フィットネスを、サービスドミナントロジックで
「ウェルビーイング」ビジネスとして位置づける

大川耕平さん プロフィール
株式会社スポルツ代表取締役
HealthBizWatch編集主幹
1999年創刊健康ビジネス情報メールマガジン(HealthBizWatch)は約5千部配信中。
健康&well-being領域の商品サービス開発や新事業立ち上げを目論む企業マッチングのサポート
とスモールビジネスやスタートアップのトメンターとして活動。
2022年よりProject & well beingコンセプト(プロジェクトとステークホルダーのウェルビーイン
グを同時に目指す)CONDITIONIG LABO For BizAthleteスタート

ビジネス視点で見る「ウェルネス」と「ウェルビーイング」の関係

健康ビジネス・サービス領域を専門に、新規事業開発やマーケティング戦略づくりのサポートをしてきている、株式会社スポルツ代表取締役の大川耕平さん。長く世界内外の健康ビジネス・サービスの動向を見てきている立場から、まず「ウェルネス」と「ウェルビーイング」の関係をこう説明する。
「基本的に2つはほぼ同じ意味ですが、使われ方に若干の違いがあります。『ウェルネス』が注目され始めたのは、日米ともに2000年前後からです。主に職域における健康づくりムーブメントの中で、『ワークプレイスウェルネスリーダーをつくりましょう』という取り組みが進められました。一方、『ウェルビーイング』は、日本では2019年から急に使われ始めましたが、近年北米圏でスケールしているビジネスモデルを分析すると、既にこの『ウェルビーイング』のフレームワークを持っています。例えば、『ウェルネス』は職場づくりやまちづくりなど、ハード面での施策に寄りやすく旧来型健康産業との親和性があり、『ウェルビーイング』はICT活用の新しいサービス業に親和性がありそうです。

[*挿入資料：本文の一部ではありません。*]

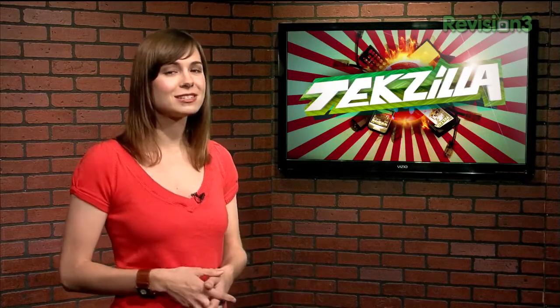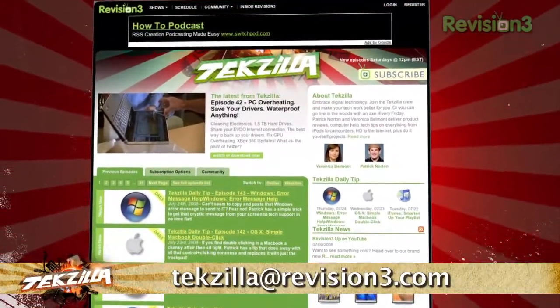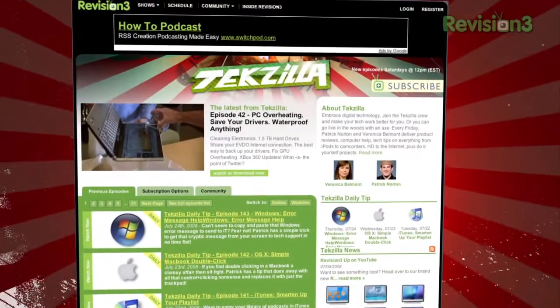Got a tip for us to pass along to the rest of the TZ crew? Email us at techzilla@revision3.com. And as always, techzilla.com is the place to find more tips, tricks, product reviews and how-to's.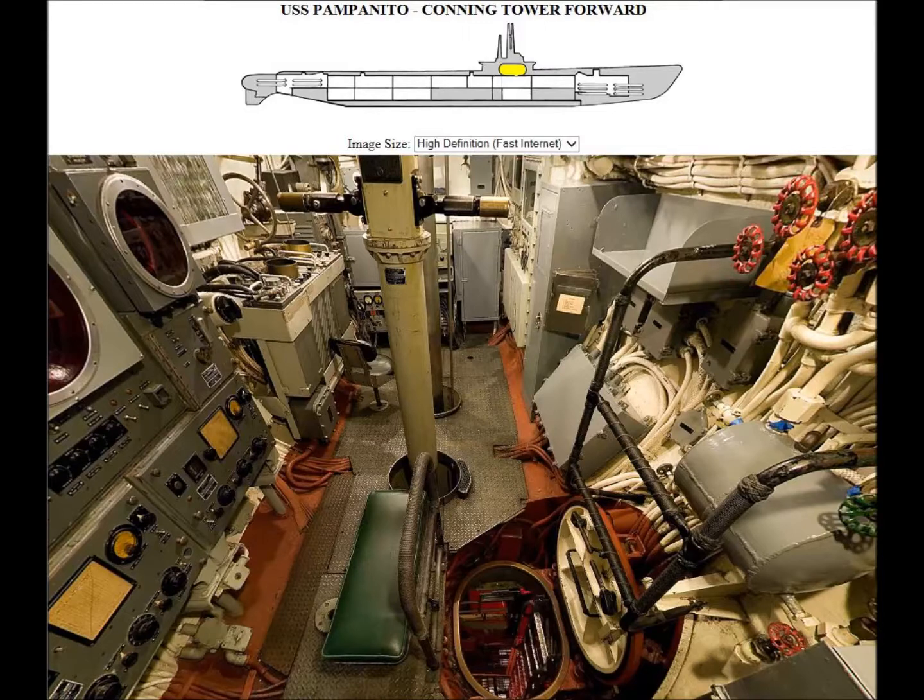This is the hatch going down from the conning tower into the control room. When you dive, the officer of the deck and lookouts would come down through there. The officer would then become the diving officer, and the lookouts would become the operators of the bow planes and stern planes — that's the way it worked.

「ウェルビーイング」は、サービスドミナントロジックによる価値共創がカギ

そして、フィットネス事業者や指導者が、サービス事業者としてウェルビーイングに取り組もうとする場合、「サービスドミナントロジック」の視点から、ウェルビーイングの価値づくりをサービスに設計していく必要があることを指摘している。
「サービスドミナントロジック」とは、顧客が商品やサービスを購入するだけでなく、利用して初めて価値が生まれ、利用すれば利用するほど、体験価値が高まるという「価値共創」のビジネスモデル。その対比となるのが「グッズドミナントロジック」で、企業が価値や価格を決め、顧客はその対価を払うことで商品を獲得する「価値交換」のビジネスを指す。
大川さんは、日本の職域で広がった「ウェルネス」とともに、特定保健指導などで広がった「ヘルスケアブーム」で、健康産業をリードしていくと注目していた事業プレイヤーは主に3つで、①健康機器メーカー、②フィットネスクラブ、③健康食品メーカーを挙げている。
その中で、サービスドミナントロジックへとビジネスモデルをシフトさせ、現在も成長しているのは③健康食品メーカーだけだと分析する。
フィットネス事業者は、今一度、このサービスドミナントロジックへの理解を深め、顧客ウェルビーイングに向けて価値共創できるビジネスプロセスに組み込むことで、ウェルネスやウェルビーイング市場からの顧客流入も期待できると話している。

サービスドミナントロジックの概念図

ウェルネス市場の中でも、特に注目される「メンタルウェルネス」

世界のウェルネス市場の動向をまとめているグローバルウェルネスインスティチュートによると、2020年時点でのウェルネス市場規模は477兆円(4.4兆ドル)とされており、内訳は表のとおりとなっている。
特に大川さんが注目するのが、「メンタルウェルネス」市場動向である。米国では、メンタルヘルス専門薬局や、オーディオヒーリングなどが注目されており、メンタルヘルスアプリも、利用するほど使用価値が高まることから、月数万円もの高額の課金オプションが提供され始めているという。
テクノロジー分野でも、「次世代メンタルウェルビーイング」として、デジタルが行動変容や心理療法をサポートするゲームが注目されている。医療の世界でも活用が進み、「ゲーム処方」として、通常の薬と同様に専門医から「処方」されるものも出てきている。
また、ヘルスケアビジネスのマーケティング手法として、「ジェネレーション別」「性格別」に、サービスを変えていくことが要諦となってきており、今後どの市場を狙うにしても、顧客一人ひとりにとって、意味のあるものとしてフィットネスサービスを位置づけ、コミュニケーションしていくことが求められている。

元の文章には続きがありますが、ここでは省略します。